Rekha is awesome throughout. She nails the meek and mild-mannered Aarti, but is so much better as the stunning model out for revenge. Her Jyoti is stardom personified with attitude that simply sizzles off the screen with a sneer sharp enough to draw blood. Rekha takes ownership of all the ridiculous outfits and outlandish hairstyles too, so that when she ends up in black leather and wielding a whip, it seems less an erotic fantasy and more a practical outfit for revenge – easier to get blood off leather I imagine.  Kabir Bedi is excellent too in this negative role where he hams it up as a seductive suitor who quickly shows his true colours once the knot is tied. It’s a great performance and who can complain if he spends most of his time by the pool in various stages of undress. I do draw the line though at the needless appropriation of Vangelis Chariots of Fire theme into a tacky song visualising a romp in the pool between Kabir Bedi and Sonu Walia. But for the rest, Kabir is nicely wicked and appropriately charming as he woos Aarti and then Jyoti. Poor Sonu Walia doesn’t have anything like as good a time as her Nandini is a bit of a wet blanket who falls over herself to do whatever Sanjay wants.
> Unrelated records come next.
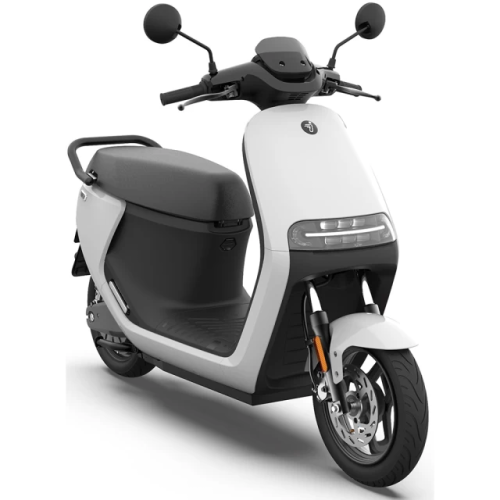 Электроскутер Segway-Ninebot E110S White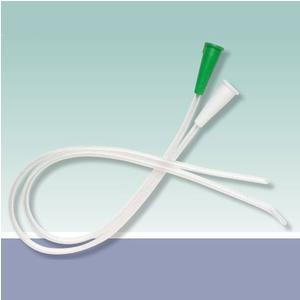 Image of Easy Cath Female Intermittent Catheter 12 Fr 7"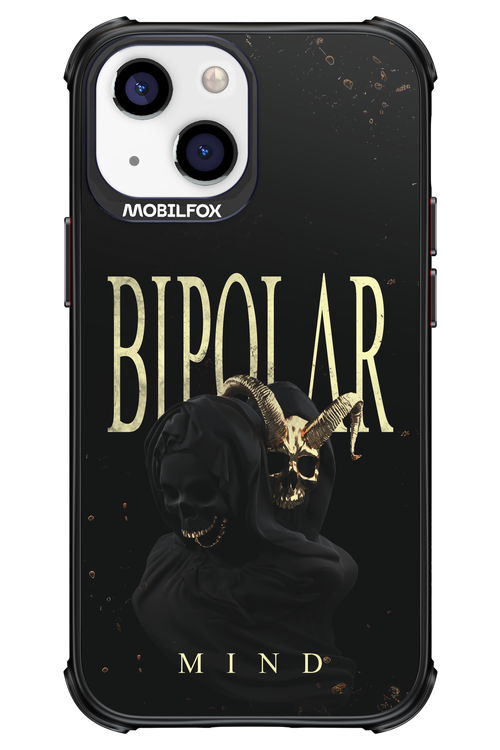BIPOLAR 2.0 - Apple iPhone 13 Mini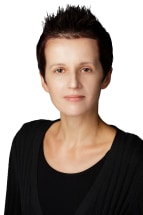 Lina Sadovnikaite Esq.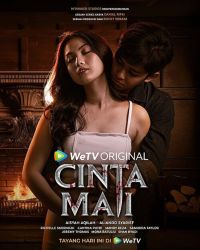 Cinta Mati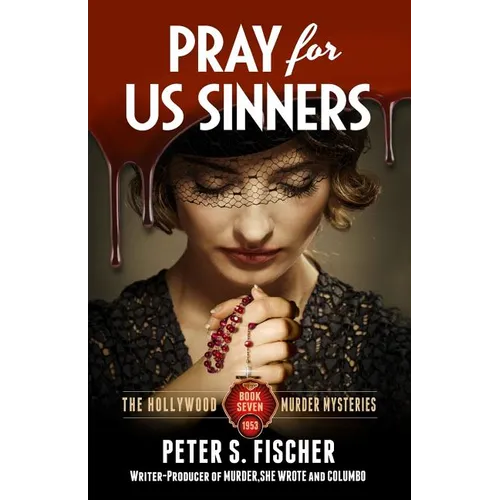 Pray For Us Sinners - Paperback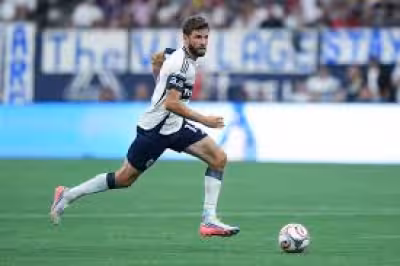 Houston Dynamo Vs Vancouver: West lead on the line at BC Place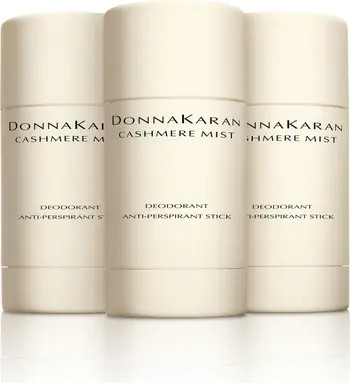Cashmere Mist Deodorant Trio Set $96 Value | Nordstrom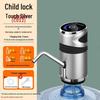 Automatic Electric Bottled Water Pump Dispenser for Mineral Water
One of the best parts of the film for me is right near the end when Jyoti removes her green contact lenses. A move that makes her INSTANTLY RECOGNISABLE!!! Who knew just changing the colour of your eyes could have such an effect? Also worth looking out for are Aarti’s heroic dog Jumbo and smart horse Raja, who know what is going on well before any of the human characters, and the various servants and supporters of Aarti who add more drama to the proceedings whenever possible.

Khoon Bhari Maang is not a good film, but Rekha makes it worth watching for her crazy outfits, huge eighties hairstyles and bloodthirsty quest for revenge. I know most people skip straight to the second half, but I like the slow build-up through the first half and the gradual monsterisation of Kabir Bedi as his true colours start to show through. For fans of 80’s Bollywood, big hair, crocodiles and revenge, this is surely as good as it gets. 4 stars.